Décision de la CJUE : Un tournant pour les relations commerciales entre le Maroc et l'Union européenne
La récente décision de la Cour de justice de l'Union européenne (CJUE) d'annuler plusieurs accords commerciaux avec le Maroc marque une étape cruciale dans les relations entre Rabat et Bruxelles. Cette situation soulève des interrogations majeures quant à l'avenir des échanges économiques entre le Royaume et l'Europe. Deux experts marocains, Mohammed Zakaria Abouddahab, professeur de relations internationales à l’Université Mohammed V de Rabat, et Dr Mohamed Badine El Yattioui, spécialiste des études stratégiques, analysent les conséquences de cette décision et proposent des solutions pour préserver des relations économiques solides avec l'Union européenne.
Le Matin : Quelle est la portée de la décision de la CJUE et ses répercussions sur le dossier du Sahara ?

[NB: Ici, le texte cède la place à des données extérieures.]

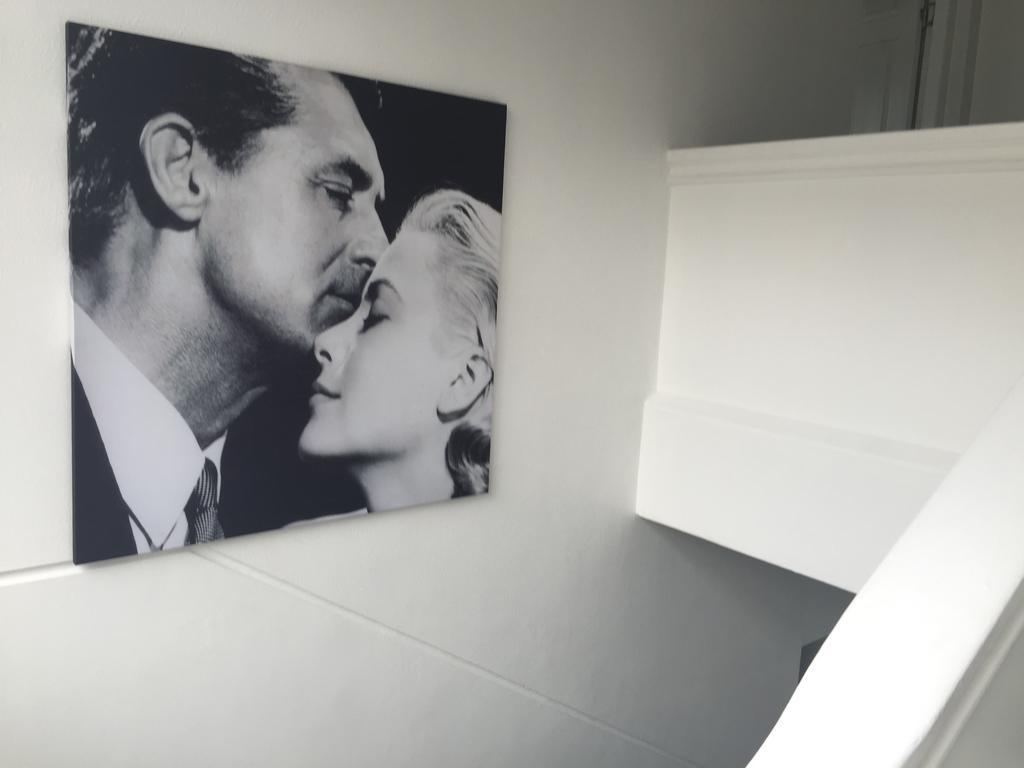 The Glam Guesthouse Cape Town Eksteriør bilde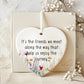 🌊✨LAST DAY SALE 75% OFF💖Friendship Ornaments For Ture Friends🎁
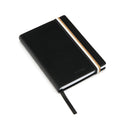 Notebook A6 Iconic Lined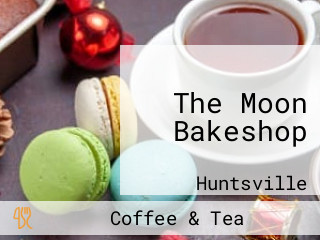 The Moon Bakeshop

Zakaria Abouddahab : La portée de l’arrêt de la CJUE est strictement limitée à l'Union européenne, soit ses 27 États membres, et pourrait s’appliquer à ceux qui rejoindraient l'UE à l'avenir. Tous les États membres, leurs parlements, les institutions ainsi que les autorités locales doivent respecter cette décision, conformément aux traités qui régissent l'UE, tels que le Traité de Rome de 1957. La Cour de justice de l'Union européenne a pour mission de contrôler la légalité des actes juridiques émanant des organes de l'UE, notamment le Conseil de l'Union européenne et la Commission européenne. Le Parlement européen, organe élu, doit également se conformer à cette décision et ne peut pas l’ignorer.
Bien que cet arrêt ait une grande valeur juridique pour les États membres de l'UE, son influence en dehors de l’Union reste limitée. Il est néanmoins à noter qu'il crée une jurisprudence qui pourrait inspirer de futures décisions, en particulier celles concernant des accords commerciaux impliquant des territoires sensibles comme le Sahara. Toutefois, cet arrêt ne modifie en rien la souveraineté des États non membres de l'UE ni leurs relations bilatérales avec le Maroc, comme celles que le Royaume entretient avec les États-Unis ou les pays africains.
Le Matin : Quel impact cette décision pourrait-elle avoir sur les relations économiques entre le Maroc et l'Union européenne ?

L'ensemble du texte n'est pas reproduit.